Près de 80 ans après la fin de la Seconde Guerre mondiale, les fantômes du nazisme continuent de hanter l’Allemagne. Un tribunal vient en effet de relancer une procédure judiciaire contre un ancien gardien SS du tristement célèbre camp de concentration de Sachsenhausen, aujourd’hui âgé de 100 ans. Malgré son âge avancé, la justice estime qu’il pourrait être en mesure de comparaître pour répondre des crimes qui lui sont reprochés.

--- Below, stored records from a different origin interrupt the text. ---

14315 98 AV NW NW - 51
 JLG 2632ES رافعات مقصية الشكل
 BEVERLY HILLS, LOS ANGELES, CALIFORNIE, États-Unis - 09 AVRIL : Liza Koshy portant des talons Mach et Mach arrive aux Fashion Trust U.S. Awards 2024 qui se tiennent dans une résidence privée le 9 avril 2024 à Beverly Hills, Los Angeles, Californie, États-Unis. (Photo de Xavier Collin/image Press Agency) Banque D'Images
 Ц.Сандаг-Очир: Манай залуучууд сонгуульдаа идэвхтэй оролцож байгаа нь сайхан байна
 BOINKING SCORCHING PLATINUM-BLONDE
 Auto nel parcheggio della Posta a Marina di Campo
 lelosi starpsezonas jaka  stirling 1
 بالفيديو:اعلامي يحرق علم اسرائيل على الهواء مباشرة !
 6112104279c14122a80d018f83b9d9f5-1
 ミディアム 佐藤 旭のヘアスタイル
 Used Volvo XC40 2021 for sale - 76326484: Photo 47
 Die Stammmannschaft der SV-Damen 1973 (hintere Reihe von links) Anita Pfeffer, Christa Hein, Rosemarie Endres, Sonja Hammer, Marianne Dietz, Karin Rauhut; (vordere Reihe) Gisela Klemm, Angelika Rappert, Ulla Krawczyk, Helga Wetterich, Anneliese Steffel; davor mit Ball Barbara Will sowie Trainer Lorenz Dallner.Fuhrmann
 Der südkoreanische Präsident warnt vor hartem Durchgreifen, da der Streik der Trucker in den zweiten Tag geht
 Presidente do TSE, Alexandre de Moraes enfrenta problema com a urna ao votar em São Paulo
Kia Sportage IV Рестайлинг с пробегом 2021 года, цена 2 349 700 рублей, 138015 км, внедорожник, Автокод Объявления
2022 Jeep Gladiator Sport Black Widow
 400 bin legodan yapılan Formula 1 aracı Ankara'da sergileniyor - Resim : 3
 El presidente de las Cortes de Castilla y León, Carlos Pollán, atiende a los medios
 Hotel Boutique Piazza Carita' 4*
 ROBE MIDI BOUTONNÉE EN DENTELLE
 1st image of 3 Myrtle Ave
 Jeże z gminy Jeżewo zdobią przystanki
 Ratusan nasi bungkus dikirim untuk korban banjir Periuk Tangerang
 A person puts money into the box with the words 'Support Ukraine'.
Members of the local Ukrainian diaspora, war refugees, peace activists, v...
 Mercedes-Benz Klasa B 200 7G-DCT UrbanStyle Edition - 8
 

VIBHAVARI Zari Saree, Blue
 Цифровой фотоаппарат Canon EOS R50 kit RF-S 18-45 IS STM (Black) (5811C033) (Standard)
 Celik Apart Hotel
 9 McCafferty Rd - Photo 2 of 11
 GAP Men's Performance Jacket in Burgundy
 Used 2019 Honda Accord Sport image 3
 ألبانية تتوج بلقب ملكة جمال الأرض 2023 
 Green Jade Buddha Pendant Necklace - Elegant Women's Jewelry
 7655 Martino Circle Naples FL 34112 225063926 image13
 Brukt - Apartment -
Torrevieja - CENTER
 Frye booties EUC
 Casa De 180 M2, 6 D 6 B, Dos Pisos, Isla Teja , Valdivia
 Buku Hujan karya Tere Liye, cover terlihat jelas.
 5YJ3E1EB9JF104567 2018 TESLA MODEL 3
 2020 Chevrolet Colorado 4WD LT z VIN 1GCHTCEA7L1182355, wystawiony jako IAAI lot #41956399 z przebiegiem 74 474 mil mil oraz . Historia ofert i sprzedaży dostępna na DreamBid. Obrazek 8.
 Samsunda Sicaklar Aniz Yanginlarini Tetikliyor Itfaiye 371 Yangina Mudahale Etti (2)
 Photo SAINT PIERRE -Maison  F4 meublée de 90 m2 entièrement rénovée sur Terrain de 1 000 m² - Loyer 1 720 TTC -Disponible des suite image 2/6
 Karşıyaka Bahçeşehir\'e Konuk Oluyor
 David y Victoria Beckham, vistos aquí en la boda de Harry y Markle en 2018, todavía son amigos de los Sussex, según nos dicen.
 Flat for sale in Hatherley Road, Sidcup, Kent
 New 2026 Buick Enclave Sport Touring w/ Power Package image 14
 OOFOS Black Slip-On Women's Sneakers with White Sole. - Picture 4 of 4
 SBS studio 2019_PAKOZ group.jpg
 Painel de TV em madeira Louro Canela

Une affaire qui remonte à plus de 75 ans
C’est un dossier hors norme qui refait surface en Allemagne. Selon des sources proches de l’enquête, l’homme aujourd’hui centenaire est soupçonné d’avoir été complice, entre 1943 et 1945, du meurtre cruel et perfide de plus de 3 300 prisonniers alors qu’il officiait comme jeune garde SS à Sachsenhausen. Ce camp de concentration, situé au nord de Berlin, a vu transiter quelque 200 000 détenus pendant la guerre, principalement des opposants politiques, des Juifs et des homosexuels. Beaucoup d’entre eux ont péri d’épuisement, de mauvais traitements ou d’exécutions sommaires.
Une procédure relancée malgré des expertises contradictoires
Inculpé depuis l’été 2023, l’ancien SS dont l’identité n’a pas été dévoilée aurait pu échapper à un procès. Une première expertise psychiatrique en 2022 le jugeait « au moins partiellement apte » à être jugé. Mais une contre-expertise réalisée en 2024 l’a déclaré inapte, entraînant un refus du tribunal de Hanau d’ouvrir un procès en mai dernier. Contestée par le parquet, cette décision vient d’être infirmée en appel. Les juges estiment en effet que les informations du dernier rapport d’expertise « ne sont pas suffisantes » pour conclure à l’inaptitude.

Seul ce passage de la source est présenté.